Cpk Is a Novel Class of Drosophila PtdIns 3-Kinase Containing a C2 Domain

(Received for publication, January 11, 1996, and in revised form, March 27, 1996)

Lisa Molz , Yen-Wen Chen , Michiko Hirano and Lewis T. Williams

From the Cardiovascular Research Institute and Daiichi Research Center, University of California at San Francisco, San Francisco, California 94143

We report the identification of a novel class of phosphatidylinositol (PtdIns) 3-kinases whose members contain C-terminal C2 domains.

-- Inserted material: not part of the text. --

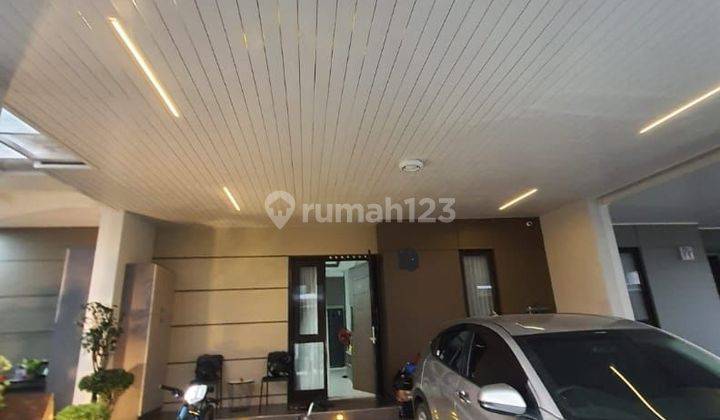 Dijual rumah di Summarecon Bekasi cluster burgundy 2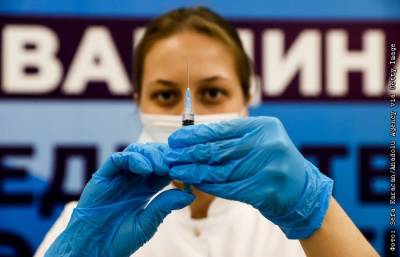 Минздрав назвал противопоказания к вакцинации "ЭпиВакКороной" - interfax.ru - Россия - Москва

We have isolated Drosophila and murine genes (termed cpk and cpk-m respectively) by polymerase chain reaction amplification of cDNA libraries with degenerate primers corresponding to conserved regions of PtdIns kinases. The amino acid sequences of Cpk and Cpk-m are most similar to that of p110, a family of PtdIns 3-kinases that mediates the responses of cells to mitogenic stimuli. The Cpk and Cpk-m sequences are similar to a large, central region of p110, but differ from p110 at their N and C termini. The N termini of the Cpk proteins do not contain any recognizable protein motif, while the C termini contain ``C2 domains,'' a feature unique among PtdIns kinases. Cpk has an intrinsic PtdIns kinase activity and can phosphorylate PtdIns and PtdIns-4-P, but not PtdIns(4,5)P2, at the D3 position of the inositol ring. Cpk is the first PtdIns 3-kinase identified with this particular substrate specificity. We have identified two potential Cpk-binding proteins, p90 and p190, and have determined that both Cpk and p190 may be tyrosine phosphorylated. This finding suggests that Cpk function may be regulated by tyrosine kinases.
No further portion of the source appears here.